In the butter chicken, the chicken is usually baked along with marinated spices and cooked in the sauce. Here the marinated chicken pieces are cooked directly in the silky and creamy gravy. Thinking about this butter chicken, when we visited my elder brother in the UK, my SIL prepared an amazing restaurant style butter chicken. The taste is still lingering in my mouth. This one, which I made is almost the same. I am glad that I tried it and it tasted incredible.
You may be surprised that butter is not added in the butter chicken. The buttery flavor of this dish comes from the cream, which we are adding at least.
After making the butter chicken I came to know that this is the easiest curries which can be prepared within no time. With just a few ingredients we get lots of flavors.
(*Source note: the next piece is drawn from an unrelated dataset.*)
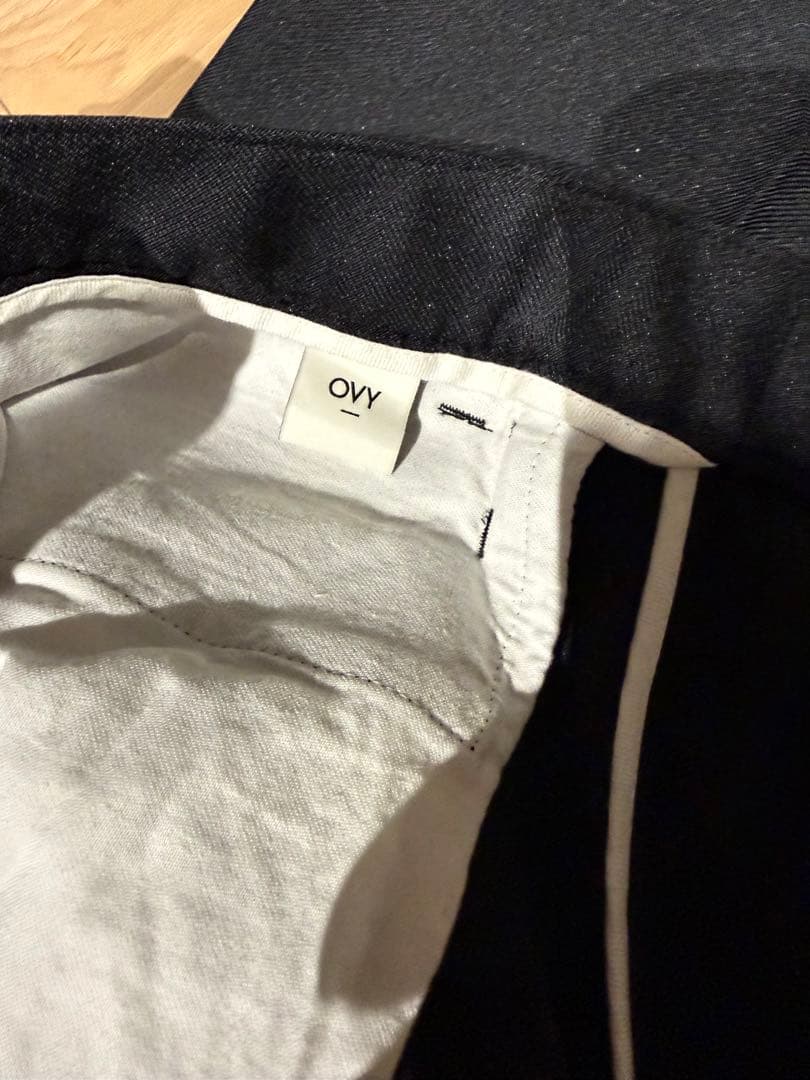 パンツ OVY Cowboy Easy Flea Action Slacks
Every curry needs a bread to scoop up the sauce, So I made naan to go along with butter chicken. Usually, naan is made on a direct flame, but here it is made in the oven and within minutes this will be ready. Naan is a soft, puffy, airy bread. This is a fail- proof recipe, which you can try at any time. Try this out and let me know...
Ingredients:
For Naan :
- All Purpose Flour- 2 cups
- Yeast- 2 tsp
- Butter- 2 tbsp
- Warm Milk- ½ Cup
- Salt- as required
Method:
- Preheat the oven to 350 degrees F.
- Take a tbsp of flour, yeast and 2 tbsps of warm water in a small bowl. Mix using a spoon and rest for 1 min.
- In a stand mixer bowl, add the flour and butter. Mix well till the butter incorporates well.
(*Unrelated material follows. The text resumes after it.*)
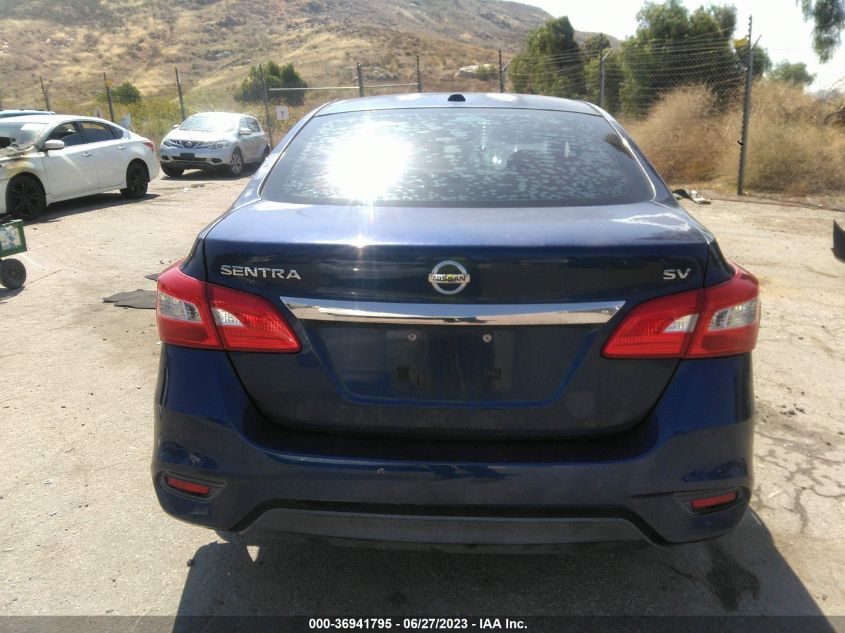 2016 NISSAN SENTRA SV - 3N1AB7AP4GY221252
- In this add the yeast solution and slowly add the milk. Don’t add fully, add little by little and a bit of salt.
- Mix well till it forms a soft dough. Take it out and grease a bowl with oil. Keep the dough cling wrap for about half an hour to an hour.
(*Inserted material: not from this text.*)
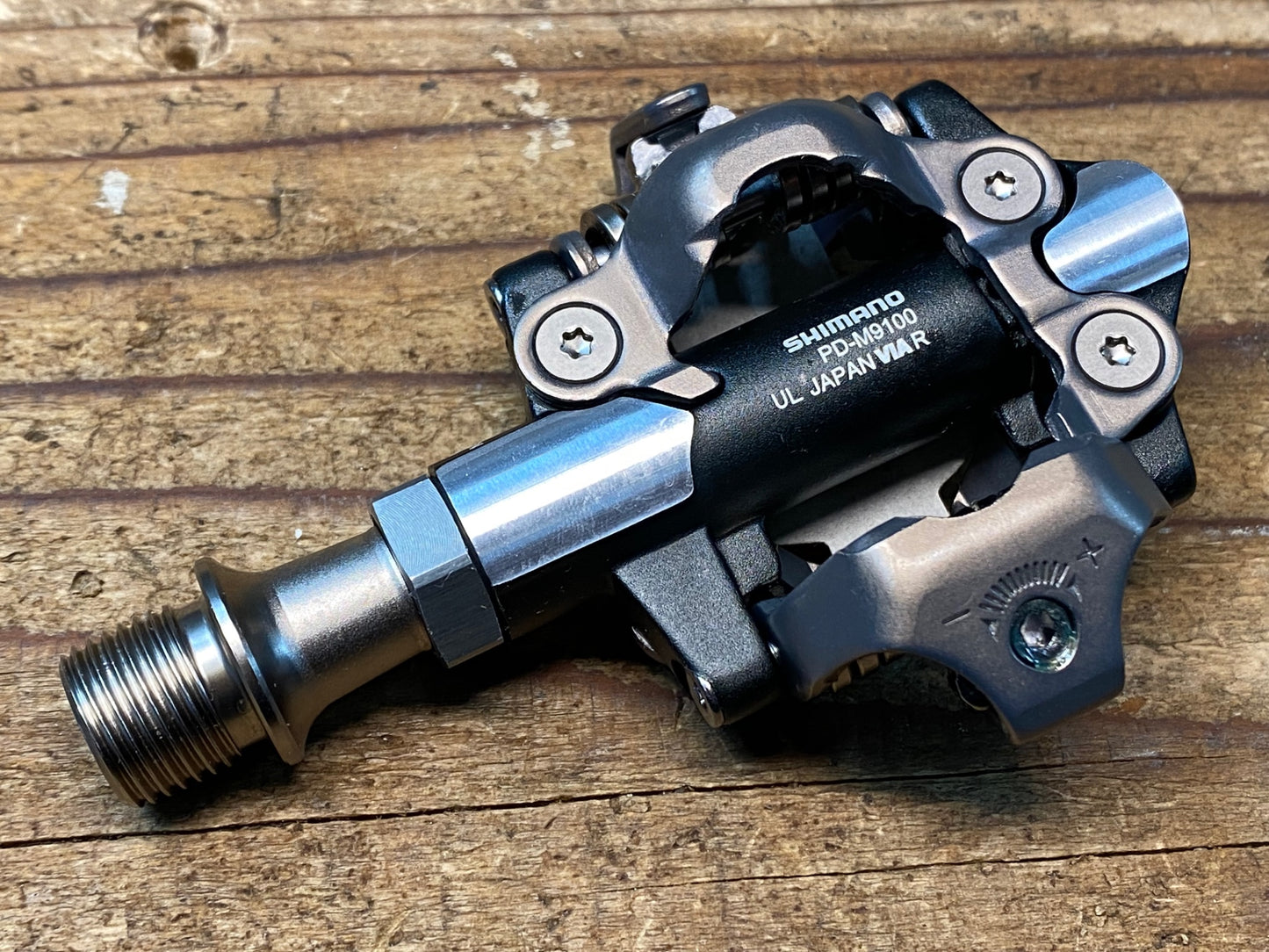 IR660 シマノ SHIMANO XTR PD-M9100 ビンディングぺダル SPD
- When it is time, take the fermented dough and punch it well. Make about 8- 10 balls and roll it using a rolling pin in an oval shape.
- Spread water using a brush on top of the rolled dough and sprinkle some sesame seeds on top and press slightly.
- Place on a greased tray and repeat with the remaining dough and bake them for about 8 minutes and then broil them for about 2 min or till the top becomes slightly brown.
- Serve them along with butter chicken.
Ingredients for Butter Chicken:
- Chicken- 1 Whole Chicken
For Marination:
- Yogurt- 1 Cup
- Ginger and Garlic paste- 1 tbsp
- Tomato Puree/ Paste- 1 tbsp
- Cumin powder- 1 tsp
- Turmeric Powder- ½ Tsp
- Kashmiri Red Chili Powder- 1 tbsp
- Kasuri Methi- 1 tbsp
- Coriander powder- 1 tsp
- Paprika powder- 1 tsp
- Garam Masala- 1 tsp
- Lemon Juice- 1 tbsp
For the Gravy:
- Oil- 1tbsp
- Ginger and Garlic paste- 1 tbsp
- Tomatoes- 2 nos (ground to paste)
- Cream- ½ Cup
Method:
- Marinate the cleaned and drained chicken using the marinade and keep this for about 1 hour.
- Heat a pan with oil, add the ginger and garlic paste, when the raw smell disappears add the ground tomatoes.
- Saute well till the oil separates, add the marinated chicken and mix well. Cover and cook till the chicken get cooked well.
- Add the cream, simmer for a minute and switch off the flame.